No Matter How Thin You Slice It, It's Still Baloney

Douglas Wilson

As I write this, I am sitting in the Atlanta airport, which is a teeming Yankee ant farm, and despite my thorough going agreement with R.L. Dabney's warnings about the New South, I still have to confess a certain admiration for how efficiently we can shuffle people around the country. I woke up in Idaho, and I shall go to sleep in Florida. And not only are we adept at the macro-shuffle, but we also move people around inside the airports with singular competence and remarkable aplomb. I got off the plane at terminal E, found the train, and then, zip zip, I find myself typing this in terminal A. And the plane isn't even here yet.


The Letters of J.R.R. Tolkien, edited by Humphrey Carpenter, is a remarkable read. The book contains many details about how The Lord of the Rings came to be written, and very helpful directions on how the books should be read. More importantly, the reader comes away understanding how they are not to be read. God is everywhere present in the books, but nowhere mentioned—and this for an important reason. Gandalf is not a wizard in the sense that he is a practitioner in magic arts, but is rather an angelic figure, sent by the Valar, who are also angels. The books are not an allegory, except to the extent that all of life is allegorical.

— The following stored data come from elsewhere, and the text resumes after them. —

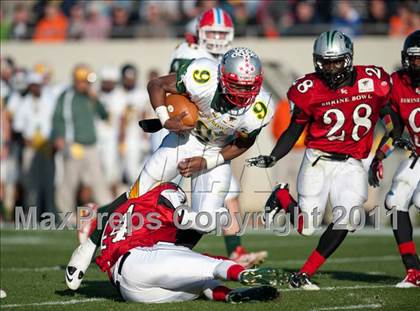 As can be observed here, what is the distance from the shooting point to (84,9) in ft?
57.0

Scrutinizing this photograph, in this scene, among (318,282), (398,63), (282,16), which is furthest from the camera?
(282,16)

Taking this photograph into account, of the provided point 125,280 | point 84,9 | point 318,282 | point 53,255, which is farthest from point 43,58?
point 125,280

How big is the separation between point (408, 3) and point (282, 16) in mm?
2024

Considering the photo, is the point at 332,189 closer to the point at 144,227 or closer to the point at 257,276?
the point at 144,227

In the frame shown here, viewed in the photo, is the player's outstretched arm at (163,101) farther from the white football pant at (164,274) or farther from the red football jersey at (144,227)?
the white football pant at (164,274)

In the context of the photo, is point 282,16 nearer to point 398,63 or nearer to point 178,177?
point 398,63

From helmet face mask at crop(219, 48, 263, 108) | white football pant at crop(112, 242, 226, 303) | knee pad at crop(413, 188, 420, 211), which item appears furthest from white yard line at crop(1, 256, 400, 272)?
helmet face mask at crop(219, 48, 263, 108)

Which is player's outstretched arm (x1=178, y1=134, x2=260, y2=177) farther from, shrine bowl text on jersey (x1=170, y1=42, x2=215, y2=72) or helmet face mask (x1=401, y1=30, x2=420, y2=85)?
shrine bowl text on jersey (x1=170, y1=42, x2=215, y2=72)

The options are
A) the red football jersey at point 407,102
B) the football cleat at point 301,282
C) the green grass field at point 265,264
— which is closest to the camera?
the green grass field at point 265,264

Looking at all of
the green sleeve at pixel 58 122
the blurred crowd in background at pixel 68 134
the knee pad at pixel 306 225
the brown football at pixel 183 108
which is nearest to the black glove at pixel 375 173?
the knee pad at pixel 306 225

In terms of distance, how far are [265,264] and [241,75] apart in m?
2.75

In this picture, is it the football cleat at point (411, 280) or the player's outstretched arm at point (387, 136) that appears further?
the player's outstretched arm at point (387, 136)

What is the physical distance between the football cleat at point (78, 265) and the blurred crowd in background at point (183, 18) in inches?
345

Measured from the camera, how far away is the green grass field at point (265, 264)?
6.23m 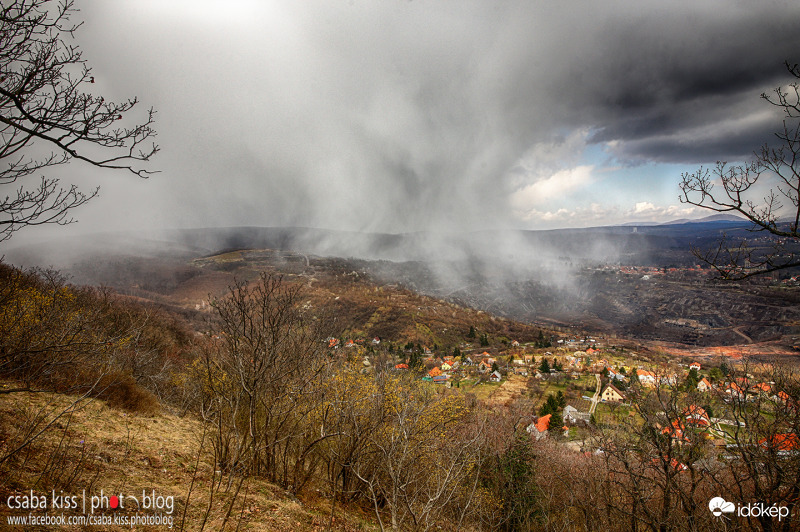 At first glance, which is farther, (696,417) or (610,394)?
(610,394)

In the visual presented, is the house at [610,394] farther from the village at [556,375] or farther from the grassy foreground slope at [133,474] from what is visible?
the grassy foreground slope at [133,474]

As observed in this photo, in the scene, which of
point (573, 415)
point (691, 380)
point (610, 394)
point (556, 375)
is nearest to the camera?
point (691, 380)

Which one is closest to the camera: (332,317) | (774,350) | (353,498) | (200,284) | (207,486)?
(207,486)

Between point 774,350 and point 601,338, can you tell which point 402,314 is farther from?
point 774,350

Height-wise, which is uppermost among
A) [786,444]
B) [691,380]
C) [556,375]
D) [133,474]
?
[133,474]

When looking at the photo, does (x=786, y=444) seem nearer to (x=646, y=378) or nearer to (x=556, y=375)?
(x=646, y=378)

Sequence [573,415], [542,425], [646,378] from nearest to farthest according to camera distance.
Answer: [542,425]
[573,415]
[646,378]

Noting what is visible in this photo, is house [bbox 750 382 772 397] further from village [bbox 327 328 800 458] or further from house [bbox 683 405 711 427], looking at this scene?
village [bbox 327 328 800 458]

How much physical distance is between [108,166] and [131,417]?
9586 mm

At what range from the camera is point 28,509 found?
11.9 ft

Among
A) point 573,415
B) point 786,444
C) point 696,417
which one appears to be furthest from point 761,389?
point 573,415

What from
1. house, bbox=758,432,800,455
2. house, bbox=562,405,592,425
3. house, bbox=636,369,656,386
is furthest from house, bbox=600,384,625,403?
house, bbox=758,432,800,455

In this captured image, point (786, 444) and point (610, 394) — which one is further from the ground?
point (786, 444)

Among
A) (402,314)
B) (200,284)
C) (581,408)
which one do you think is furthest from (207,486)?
(200,284)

It is hard to tell if the movie would have been a source of grief and distress to Tolkien. But these letters reveal that he was an exacting author, and was much grieved by bungling translations and radio productions. And so the movie's bungling of Aragorn and Arwen would have been a big deal to Tolkien, even though the visual effects were spectacular.


Let's take a moment to compare and contrast two quintessential American sports—baseball and football. And let us do so with a full appreciation of both, and let debates about the superiority of one over the other deservedly languish. Baseball is a far superior springtime sport and football rules the autumn. Comparing the two competitively is like asking which of the primary colors is the best.
Baseball is a sport in which the defense handles the ball the entire time. In football, the offense handles the ball. Baseball is rhythmic and cyclical and football is linear. Baseball attracts cultural leaders as fans and spectators, while football produces former players who are cultural leaders. Baseball is competitive but essentially peaceful. Football is competitive, violent, and essentially warlike. Baseball traffics in potentialities—something might happen at any time, at any point in the field. Football contains far more predictable events: at prescribed intervals something will happen involving all the players, with the only question involving how big the play is. Baseball has no prescribed length for a game, while football conforms to the clock. The teamwork of baseball is limited to a few players in any given play, while in football the teamwork is engineered for every player every play. And finally, in baseball, the locus of leadership on a team is more fluid and relaxed. In football, leadership is structured into the game, and is placed on the coach and quarterback. There.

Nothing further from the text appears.